┏━━

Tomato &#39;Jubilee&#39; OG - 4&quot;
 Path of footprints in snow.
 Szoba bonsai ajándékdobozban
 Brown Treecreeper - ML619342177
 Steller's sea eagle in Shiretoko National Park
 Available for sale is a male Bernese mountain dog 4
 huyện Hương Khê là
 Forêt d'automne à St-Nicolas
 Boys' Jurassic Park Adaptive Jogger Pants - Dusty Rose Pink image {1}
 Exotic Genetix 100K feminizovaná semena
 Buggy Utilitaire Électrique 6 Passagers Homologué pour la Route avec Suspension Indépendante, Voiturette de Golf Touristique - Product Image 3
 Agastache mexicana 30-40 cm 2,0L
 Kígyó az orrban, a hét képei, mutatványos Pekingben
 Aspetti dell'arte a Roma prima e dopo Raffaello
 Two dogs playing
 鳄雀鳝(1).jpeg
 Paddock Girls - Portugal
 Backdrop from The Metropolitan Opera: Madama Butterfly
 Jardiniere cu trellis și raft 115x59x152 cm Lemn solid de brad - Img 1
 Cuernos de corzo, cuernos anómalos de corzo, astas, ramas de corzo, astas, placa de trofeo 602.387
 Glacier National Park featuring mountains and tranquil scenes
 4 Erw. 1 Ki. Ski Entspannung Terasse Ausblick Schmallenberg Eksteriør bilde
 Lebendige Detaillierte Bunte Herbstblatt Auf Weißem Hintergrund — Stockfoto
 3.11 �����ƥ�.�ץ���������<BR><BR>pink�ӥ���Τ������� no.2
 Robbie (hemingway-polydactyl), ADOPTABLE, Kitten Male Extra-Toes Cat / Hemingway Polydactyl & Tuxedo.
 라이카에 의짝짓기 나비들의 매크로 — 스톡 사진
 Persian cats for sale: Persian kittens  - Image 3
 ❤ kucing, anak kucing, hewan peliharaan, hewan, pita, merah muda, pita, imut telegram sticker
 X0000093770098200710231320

┗━━

▸ **Assignment**:
Check each line above for the string "National" and copy every line that has it.

▸ **Result for this task**:
 Steller's sea eagle in Shiretoko National Park
 Glacier National Park featuring mountains and tranquil scenes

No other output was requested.